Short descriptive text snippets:

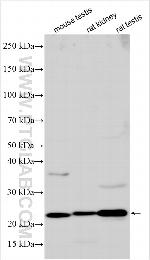 KCNQ5 Antibody in Western Blot (WB)
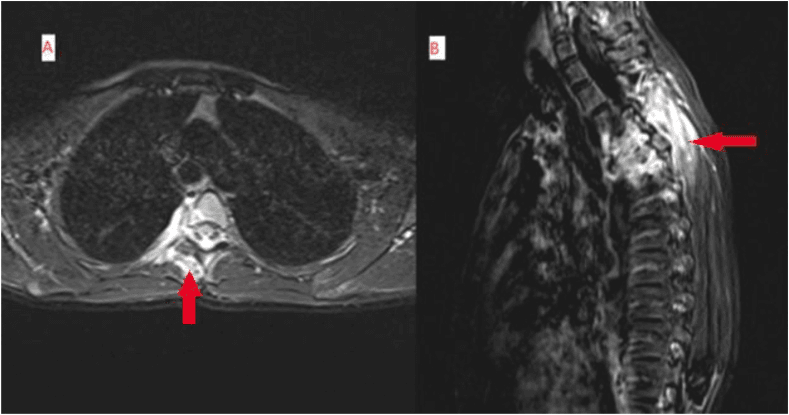 Axial (A) and sagittal (B) thoracic MRI of the facet-joint osteoblastoma, red arrows marking high signal in the surrounding paravertebral soft tissues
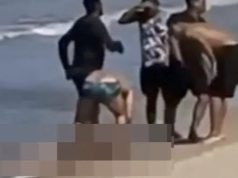 Dječaku (11) ajkula otkinula nogu: Molio spasioce da ne dozvole da umre!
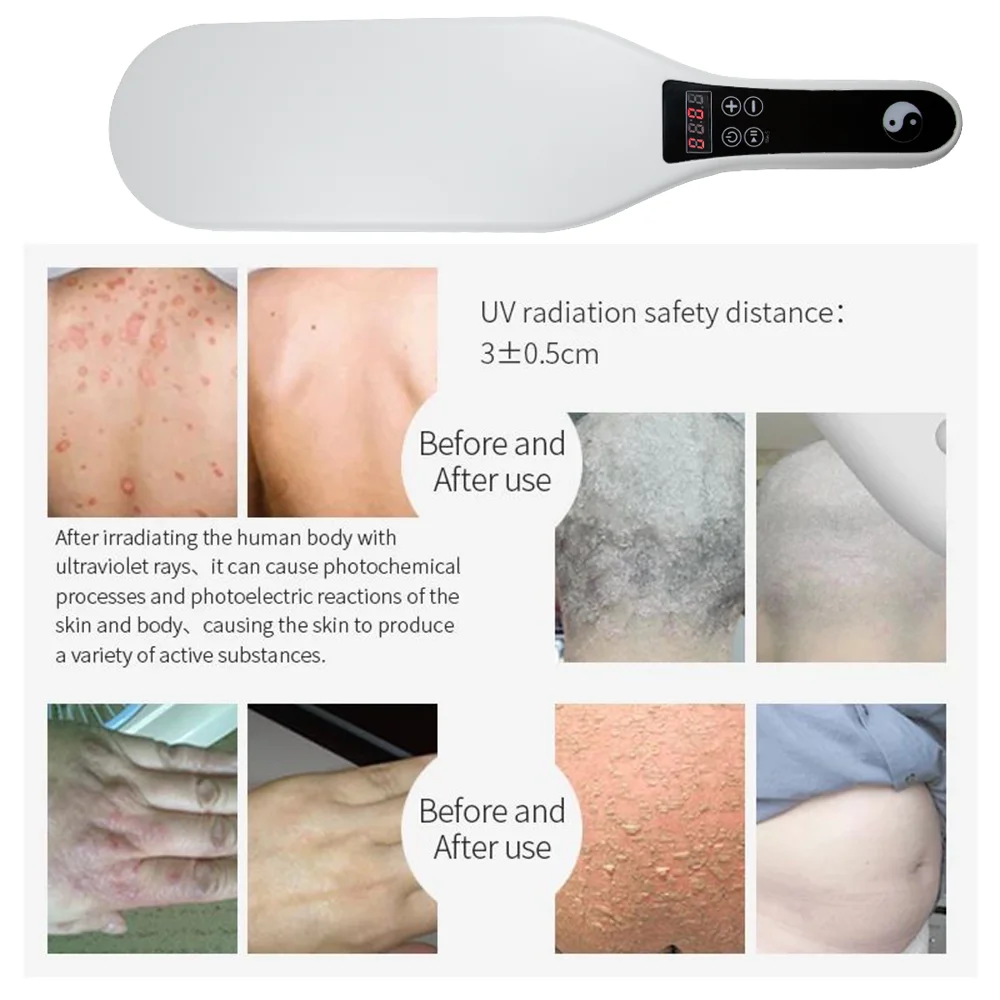 Uvb ランプ理学療法機器狭帯域光線療法乾癬ランプ医療光源 UV Led 311nm Uvb 白斑ランプ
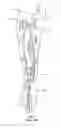 Fig. 06 - Side lumen reentry catheters and related methods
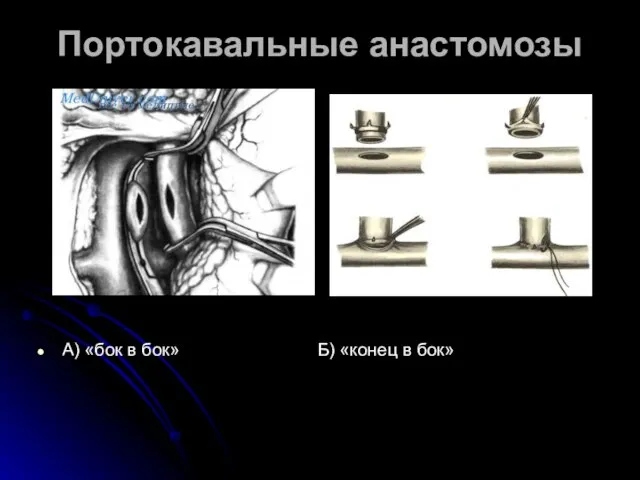 Портокавальные анастомозы А) «бок в бок» Б) «конец в бок»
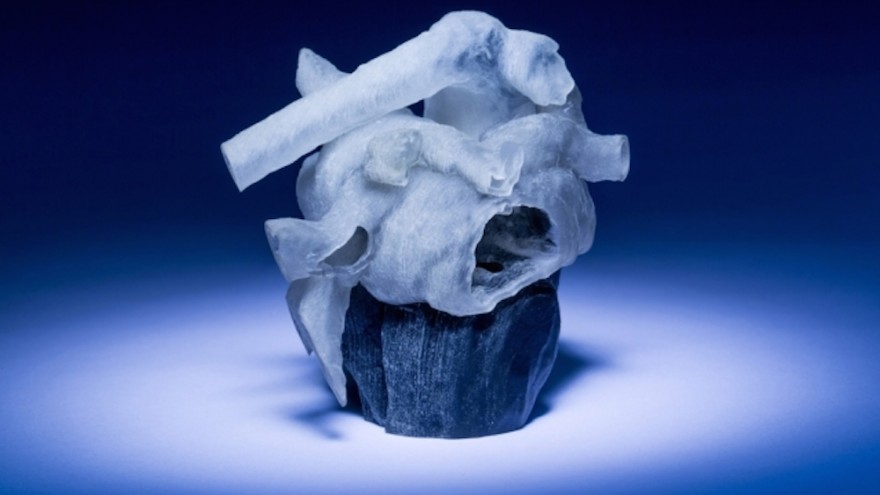 Researchers create a printable blueprint using the patient's MRI scans. 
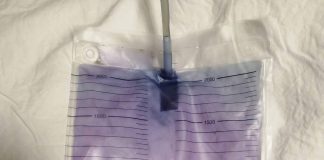 Mor İdrar Torbası Sendromu: Olgu Sunumu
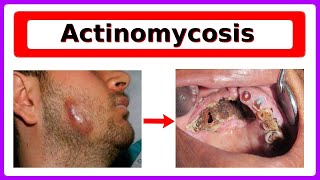 actinomycosis [upl. by Legnaros316]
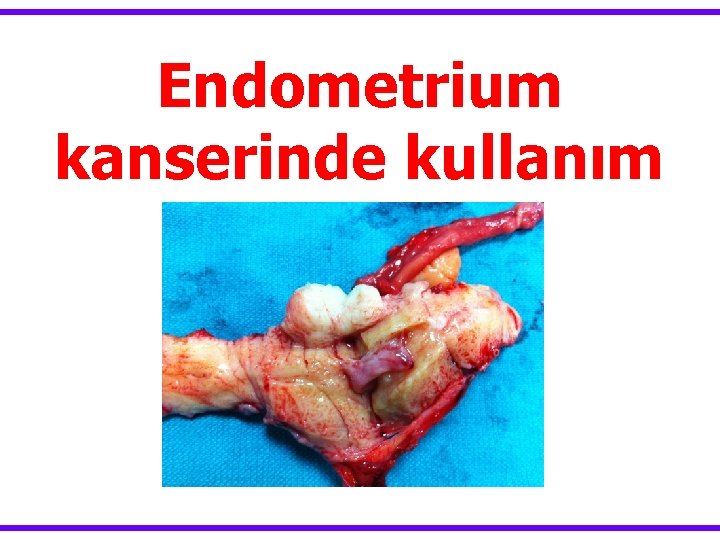 Endometrium kanserinde kullanım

* [YOUR OBJECTIVE]: With the images left out, set down every entry exactly.

* [EXERCISE SOLUTION]:
 KCNQ5 Antibody in Western Blot (WB)
 Axial (A) and sagittal (B) thoracic MRI of the facet-joint osteoblastoma, red arrows marking high signal in the surrounding paravertebral soft tissues
 Dječaku (11) ajkula otkinula nogu: Molio spasioce da ne dozvole da umre!
 Uvb ランプ理学療法機器狭帯域光線療法乾癬ランプ医療光源 UV Led 311nm Uvb 白斑ランプ
 Fig. 06 - Side lumen reentry catheters and related methods
 Портокавальные анастомозы А) «бок в бок» Б) «конец в бок»
 Researchers create a printable blueprint using the patient's MRI scans. 
 Mor İdrar Torbası Sendromu: Olgu Sunumu
 actinomycosis [upl. by Legnaros316]
 Endometrium kanserinde kullanım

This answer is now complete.